Brahms
Piano Concerto No.1 in D minor, Op.15
Symphony No.3 in F, Op.90
Garrick Ohlsson (piano)
West Australian Symphony Orchestra
Asher Fisch
Reviewed by: William Yeoman
Reviewed: 28 August, 2015
Venue: Perth Concert Hall, Perth, Western Australia
Regarding this third concert in the West Australian Symphony Orchestra’s Brahms Symphony and Concerto cycle with Asher Fisch over two weekends, my only regret is having missed the second one. Featuring Pinchas Zukerman and Amanda Forsyth in the Double Concerto, as well as Symphony No.2, it was by all accounts unmissable! As my colleague, Limelight magazine editor Clive Paget, wrote: “The last time I heard Brahms’ Second Symphony it was care of an excellent Berlin Philharmonic – this was better.” Talk about rubbing salt in the wound.
Anyway, to business. Garrick Ohlsson, a pianist of enormous stature both literally and figuratively, is no stranger to Perth audiences. He is ideally suited to Brahms’s two Piano Concertos, capable of producing the subtlest yet most piercing pianissimo while retaining depth and gravity. Thus after a spectacularly confident opening in the Maestoso first movement, the piano part emerged so naturally and organically from the sublime landscape so richly limned by Fisch that any subsequent pyrotechnics were of a piece with the most delicately controlled musical conversations within the orchestra.
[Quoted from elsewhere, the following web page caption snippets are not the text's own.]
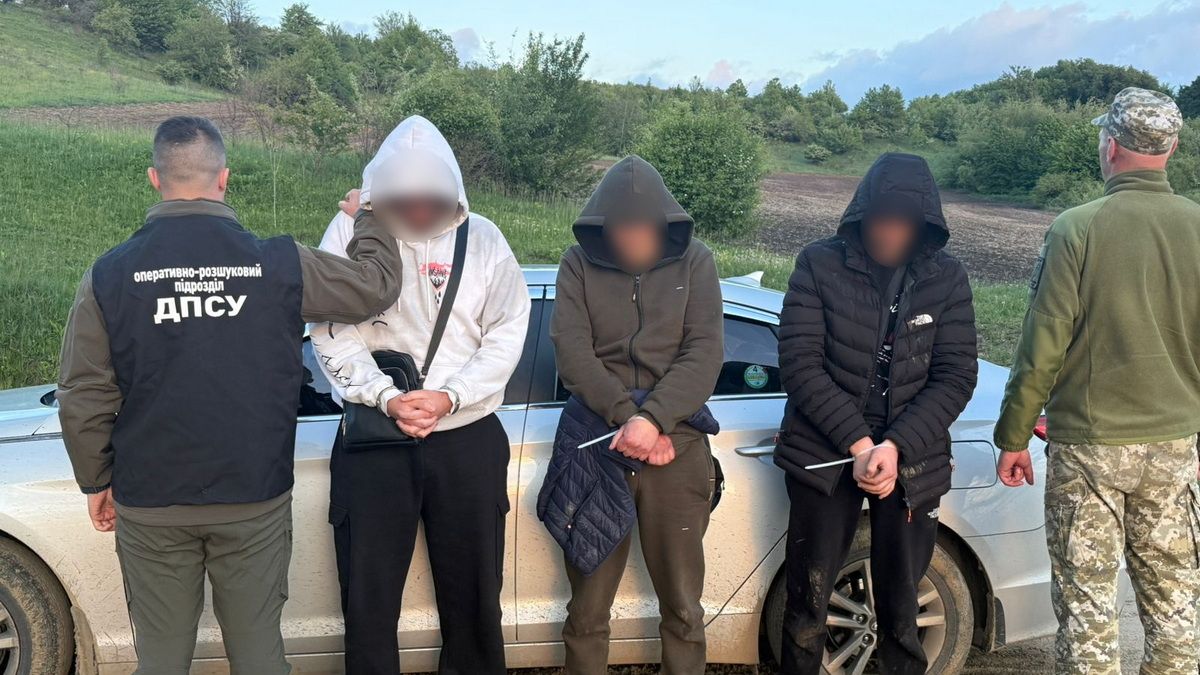 За переправлення до Румунії прикарпатець мав заплатити 7,5 тисяч $: його та організатора схеми затримали
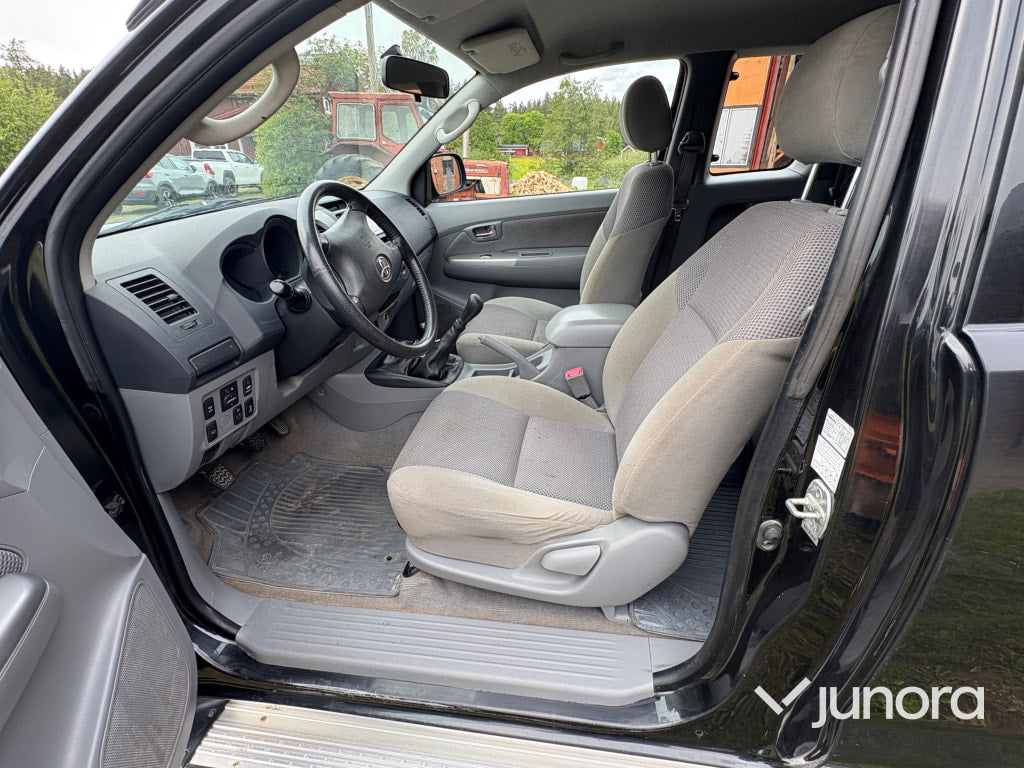 Toyota Hilux X-Cab 4wd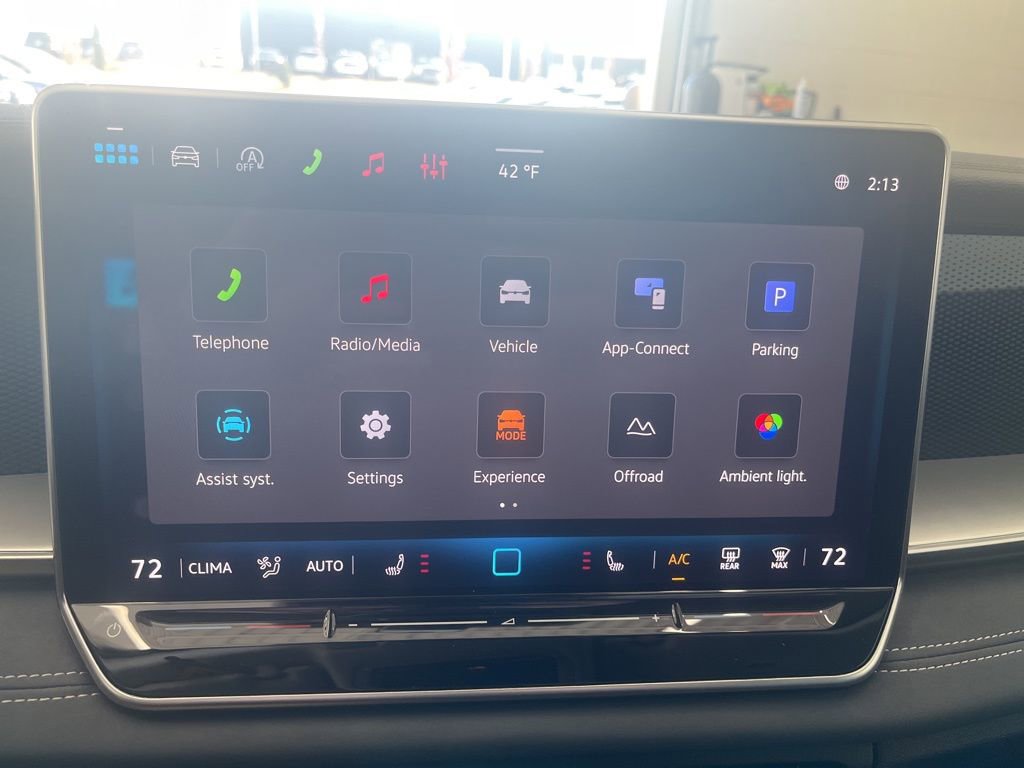 New 2026 Volkswagen Tiguan SE AWD/4WD image 24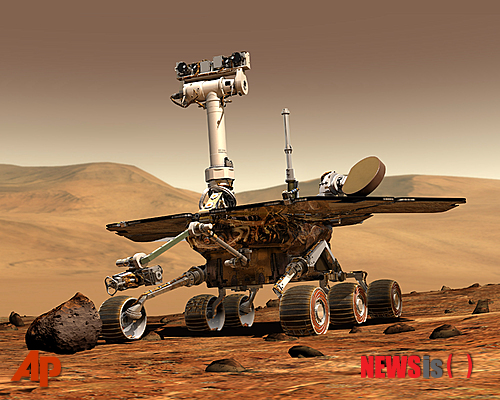 【나사=AP/뉴시스】나사가 발표한 화성탐사로봇 '로버 오퍼튜니티(rover opportunity)'의 상상도. 로버 오퍼튜니티는 지난 2004년 1월 화성에 착륙했으며 현재까지 임무 수행 중이다. 애초 이 로봇의 탐사 기간은 3개월이었다. 이 로봇의 쌍둥이 탐사로봇인 '스피리트(spirit)'와의 교신은 지난 2010년 끊겼다. 2014.1.24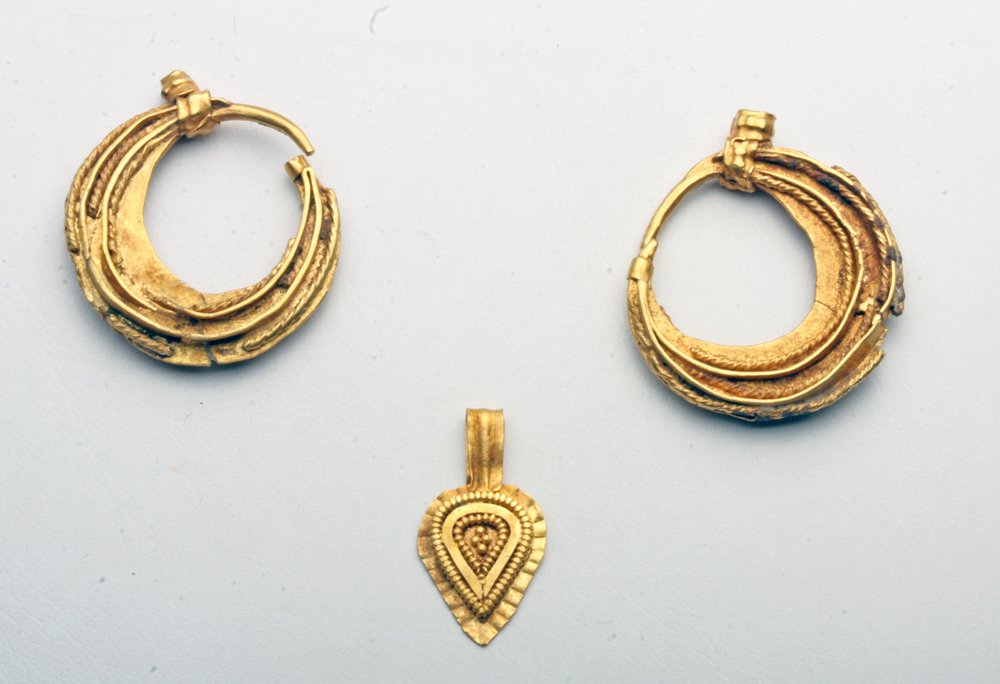 Eastern Roman Gold Earrings and Pendant: Roman Syria, Ca 1st to 3rd century CE. Lovely matching set of earrings and pendant. Each earring in crescent form in multiple layers of wires and sheet gold, small bale at top. Along with heart-shaped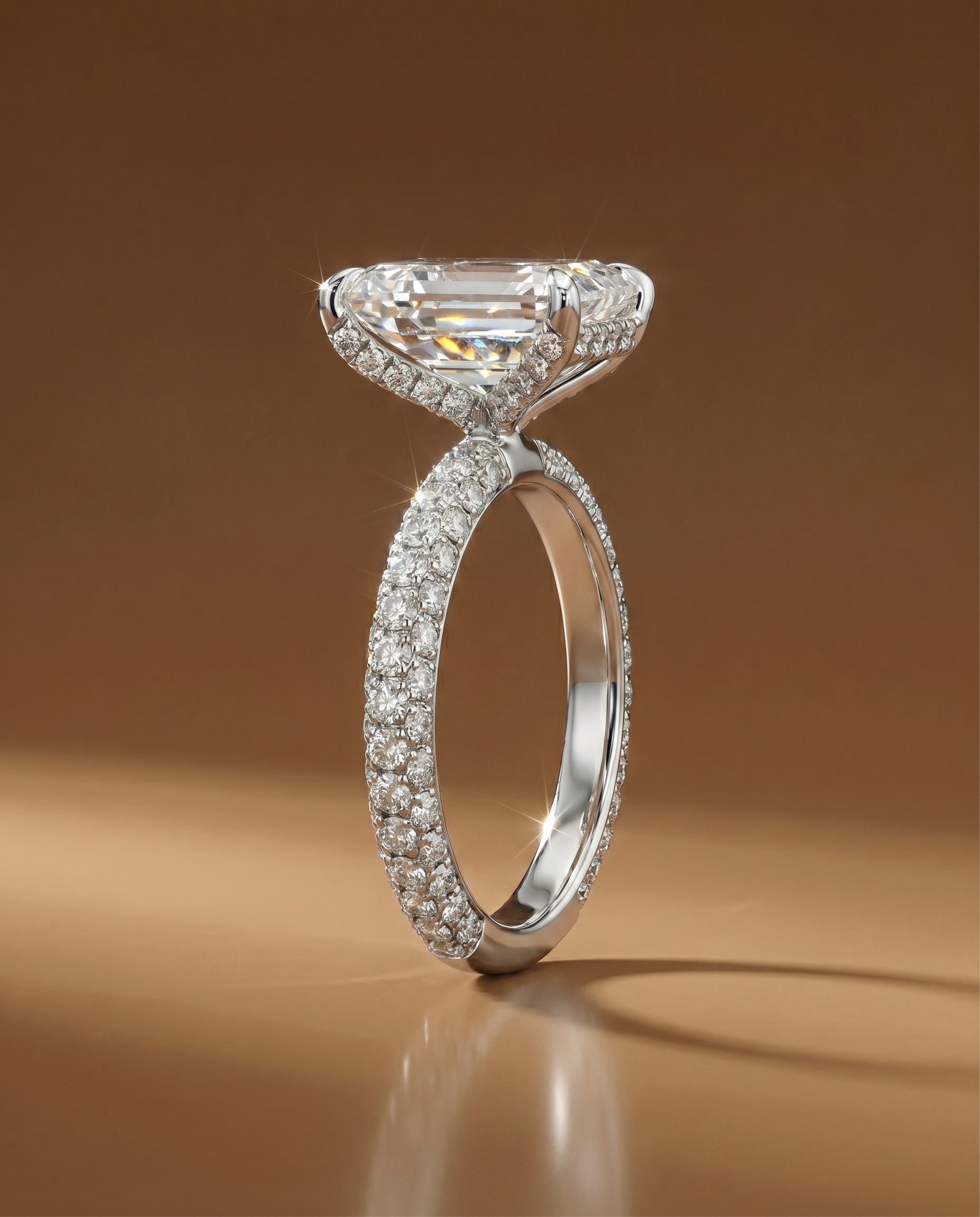 แหวนหมั้นเพชรแท้ทรง Emerald Cut เม็ดเดี่ยว ตัวเรือนฝังเพชร Pave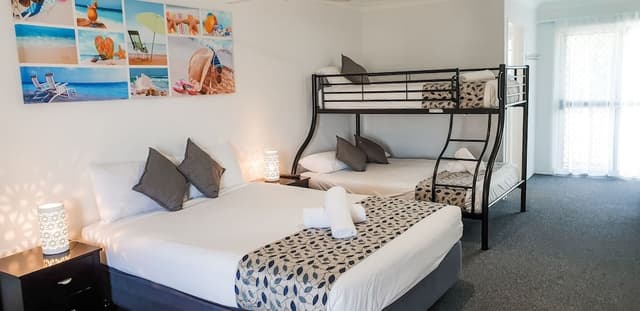 1 Bedroom Large Family Unit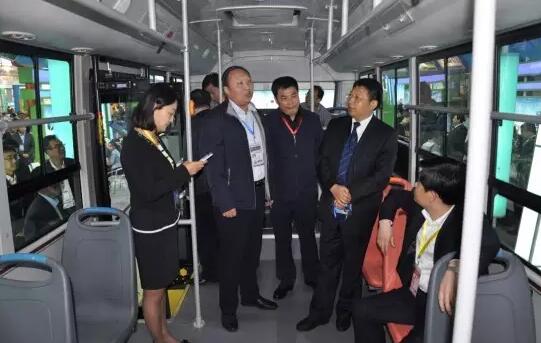 跃迪新能源电动客车闪亮亮相2016丝博会暨第二十届西洽会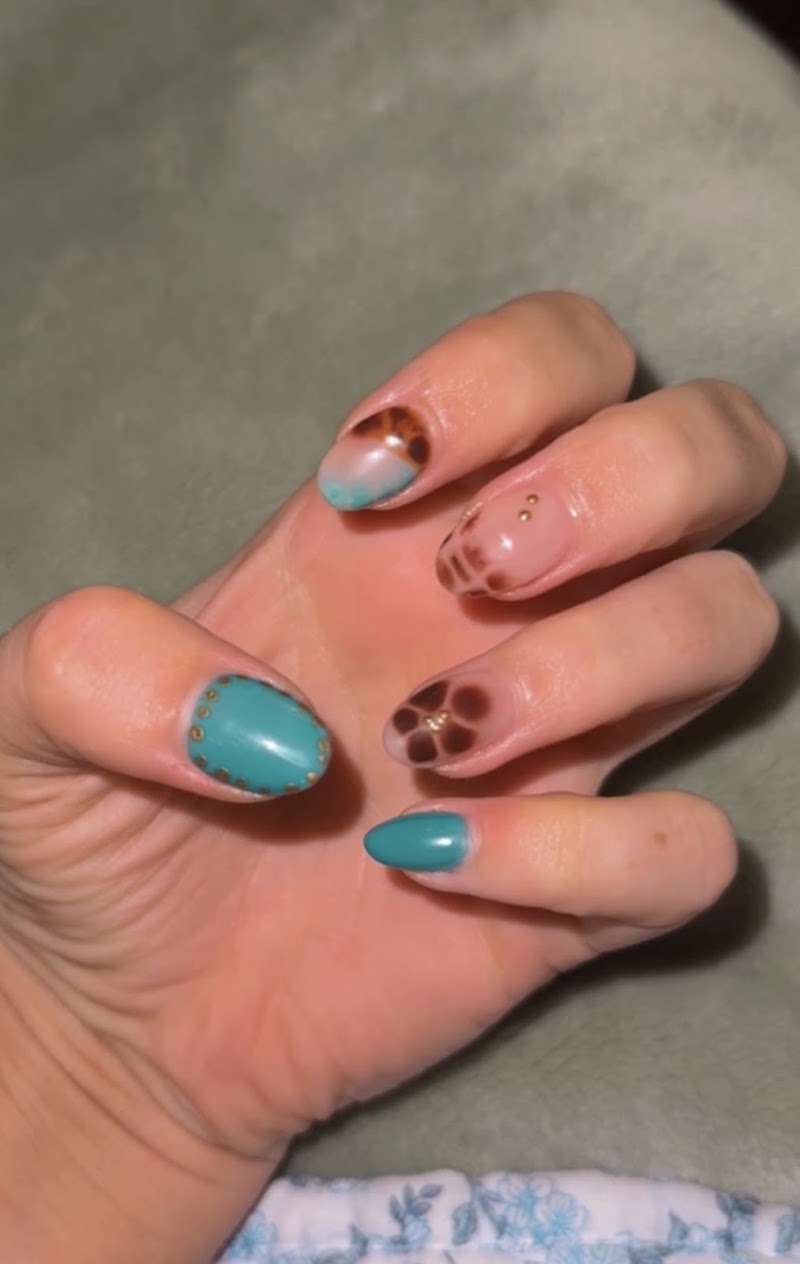Le Beauty Lounge, beauty salon in North Bend, OR, photo 3 of 5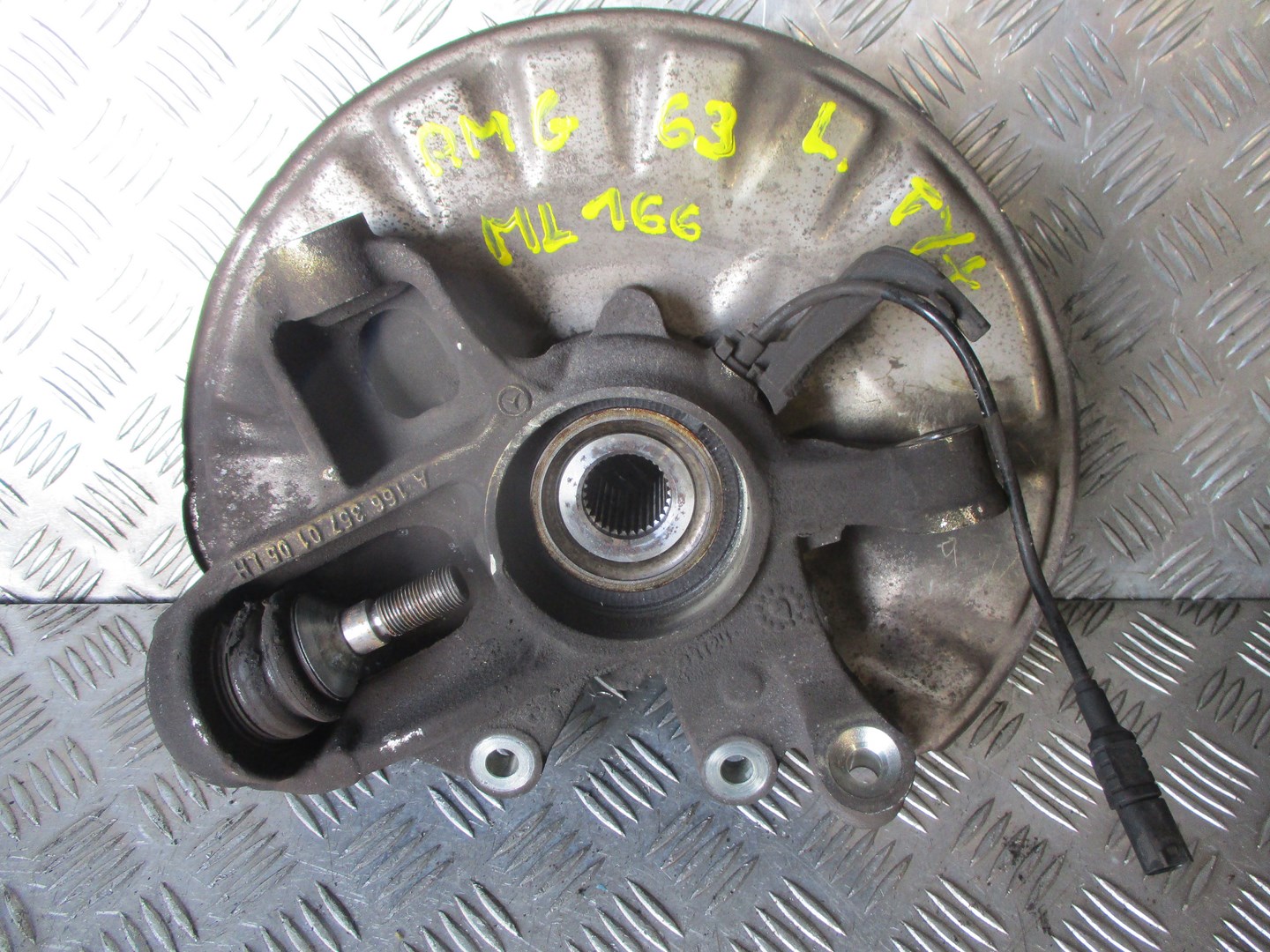 fordítsd far hátso Mercedes ML 166 AMG 63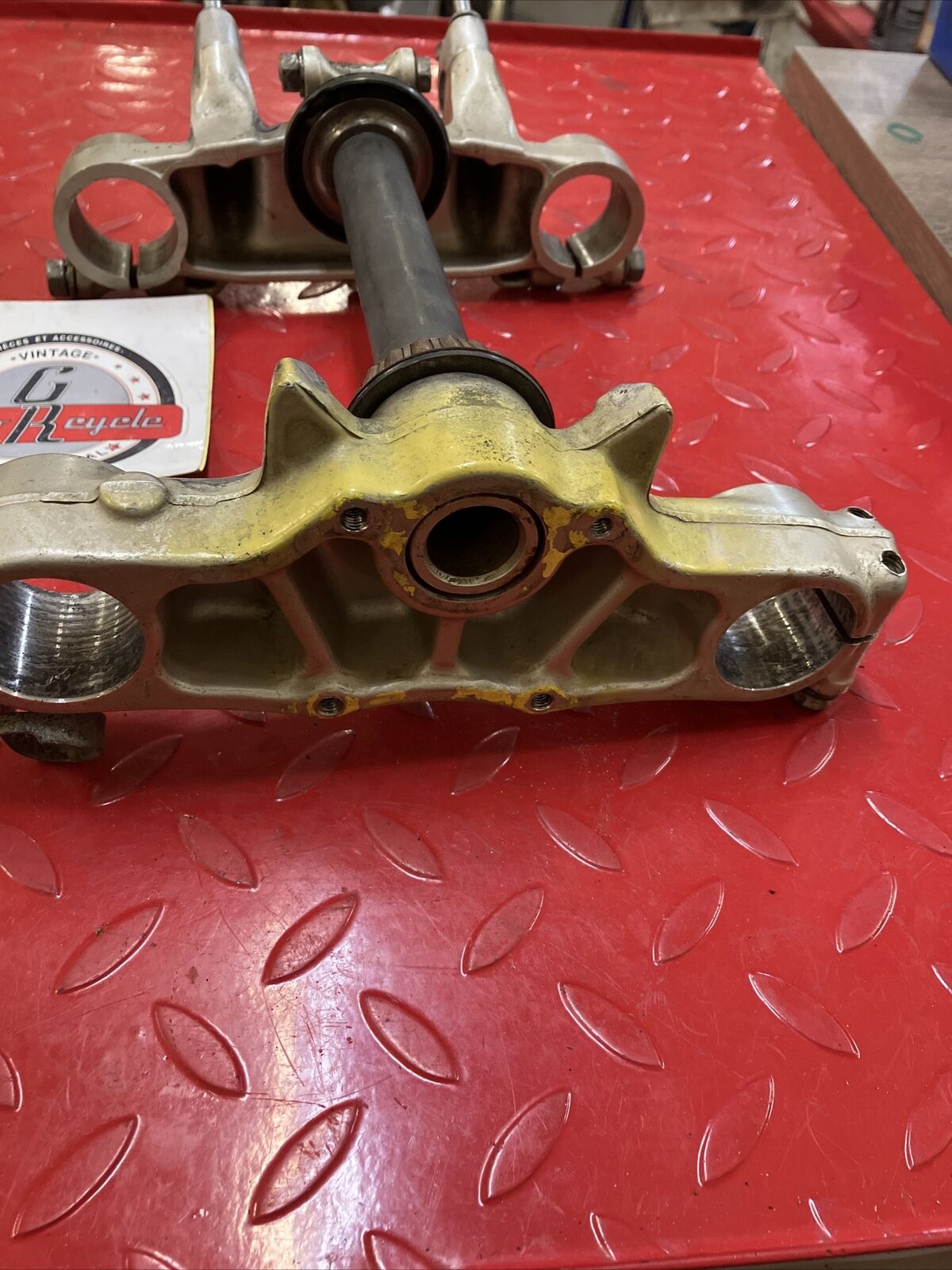 Suzuki RM125 1982 steering stem triple clamp tree 1981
Brahms’s Third Symphony was written at just four months. Miraculous then that it is not only a masterpiece of concision but also of invention, forcing Baroque and Classical conventions through a Romantic filter. Fisch last conducted this work with WASO in 2013, prior to taking up his role as principal conductor and artistic advisor. And what a performance that was. But this was even finer, with WASO now more finely attuned to Fisch’s meticulous and highly individual musical sensibility every note considered yet overwhelmingly lyrical rather than analytical.
From the refulgent string-playing in the opening Allegro con brio through the wonderful contributions by the woodwinds in the Andante and the elegant simplicity of the Poco allegretto to one of the most explosive yet controlled performances of the finale one is ever likely to hear, this was a Third Symphony both to marvel at, be moved by and, above all, to savour.